Liput – 16 April 2026 | Franco Mastantuono, nama yang belum lama dikenal di kancah sepakbola internasional, resmi melangkah ke panggung terbesar ketika ia masuk menggantikan Arda Guler pada menit ke‑90 pertandingan leg kedua perempat final Liga Champions 2025/2026 antara Real Madrid dan Bayern Munich. Meskipun waktunya hanya beberapa menit, peran Mastantuono menjadi sorotan karena insiden yang terjadi sesudah peluit akhir, ketika Guler—yang telah digantikan—menerima kartu merah tambahan.

Pertandingan yang digelar di Allianz Arena, München, berakhir dengan kemenangan Bayern 4‑3, mengukir agregat 6‑4 dan meloloskan mereka ke semifinal. Real Madrid memulai laga dengan gol cepat melalui Arda Guler pada menit pertama, namun Bayern membalas lewat Aleksandar Pavlovic pada menit keenam. Gol-gol selanjutnya menambah ketegangan, termasuk dua gol dari Harry Kane dan satu gol dari Kylian Mbappé yang mencatatkan rekor 10 gol tandang dalam satu edisi Liga Champions.

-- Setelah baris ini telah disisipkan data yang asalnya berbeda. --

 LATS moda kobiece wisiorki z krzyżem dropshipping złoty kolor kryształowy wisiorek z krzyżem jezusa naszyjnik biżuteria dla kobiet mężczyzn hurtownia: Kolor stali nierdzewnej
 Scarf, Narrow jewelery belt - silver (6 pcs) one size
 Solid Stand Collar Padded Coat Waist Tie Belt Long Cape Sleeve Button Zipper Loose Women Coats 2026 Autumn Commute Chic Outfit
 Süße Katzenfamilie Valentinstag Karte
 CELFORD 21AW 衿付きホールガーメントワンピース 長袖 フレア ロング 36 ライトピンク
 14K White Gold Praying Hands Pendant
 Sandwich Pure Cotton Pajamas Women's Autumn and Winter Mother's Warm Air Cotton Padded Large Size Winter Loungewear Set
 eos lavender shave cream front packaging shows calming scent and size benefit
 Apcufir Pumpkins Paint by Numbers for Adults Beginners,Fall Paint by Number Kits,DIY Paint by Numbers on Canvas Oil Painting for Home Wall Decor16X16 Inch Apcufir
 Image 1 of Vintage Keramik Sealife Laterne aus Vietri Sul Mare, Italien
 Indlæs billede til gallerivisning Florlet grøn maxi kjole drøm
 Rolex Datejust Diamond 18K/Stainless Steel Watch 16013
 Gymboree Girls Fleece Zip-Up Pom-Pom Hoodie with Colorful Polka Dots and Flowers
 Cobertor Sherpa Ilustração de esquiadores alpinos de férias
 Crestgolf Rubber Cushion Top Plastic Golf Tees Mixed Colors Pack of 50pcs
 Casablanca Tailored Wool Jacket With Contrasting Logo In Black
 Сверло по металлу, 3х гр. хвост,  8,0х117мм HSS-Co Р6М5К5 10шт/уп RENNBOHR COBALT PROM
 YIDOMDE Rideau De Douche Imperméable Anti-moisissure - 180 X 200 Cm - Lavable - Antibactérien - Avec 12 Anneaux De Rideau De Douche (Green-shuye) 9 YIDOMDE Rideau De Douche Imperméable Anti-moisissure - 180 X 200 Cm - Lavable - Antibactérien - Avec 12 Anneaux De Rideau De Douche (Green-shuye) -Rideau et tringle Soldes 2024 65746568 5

Di babak kedua, Real Madrid tetap berjuang keras. Namun, pada menit ke‑86 Eduardo Camavinga menerima kartu merah setelah dua kartu kuning, meninggalkan Madrid dengan sepuluh pemain. Bayern memanfaatkan keunggulan tersebut dan menambah dua gol lewat Luis Diaz dan Michael Olise pada menit ke‑89 dan 90+4.

Mastantuono masuk pada menit ke‑90 dengan harapan memberi dorongan akhir bagi Madrid. Meskipun ia tidak sempat menambah angka, kehadirannya menjadi simbol harapan klub untuk mengintegrasikan pemain muda dalam skenario tekanan tinggi. Setelah peluit akhir, kerusuhan muncul di lapangan; Arda Guler, yang telah diganti, menerima kartu merah kedua karena tindakan keras terhadap ofisial. Kejadian ini menambah drama pasca‑pertandingan, menegaskan betapa tegangnya duel antara kedua raksasa sepakbola.

Berikut rangkuman statistik kunci pertandingan:

Tim Gol Kartu Merah Pengganti
Real Madrid 3 2 (Camavinga, Guler) Franco Mastantuono masuk menggantikan Guler (90′)
Bayern Munich 4 0

Penampilan Mastantuono, meski singkat, menimbulkan pertanyaan tentang masa depan pemain asal Italia tersebut. Pelatih Real Madrid, Carlo Ancelotti, diketahui memantau perkembangan pemain muda dari akademi klub, dan kepercayaan untuk menurunkan Mastantuono dalam laga krusial menandakan potensi yang ia miliki. Pengamat sepakbola menilai, jika Mastantuono dapat menyesuaikan diri dengan kecepatan dan intensitas level elit, ia berpeluang mendapatkan menit lebih banyak pada kompetisi domestik serta Eropa di musim mendatang.

Dalam konteks taktik, masuknya Mastantuono menggantikan Guler—seorang pemain kreatif berbasis sayap kiri—menunjukkan niat Real Madrid untuk menjaga keseimbangan antara serangan dan pertahanan di menit-menit akhir. Meskipun tim gagal melaju, pengalaman berharga ini dapat mempercepat proses pembelajaran Mastantuono dalam menghadapi tekanan besar.

Kesimpulannya, debut singkat Franco Mastantuono di panggung Liga Champions memberikan gambaran akan kualitas dan mentalitas pemain muda yang siap bersaing di level tertinggi. Dengan dukungan pelatih dan kesempatan yang tepat, ia dapat menjadi aset penting bagi Real Madrid di musim-musim berikutnya.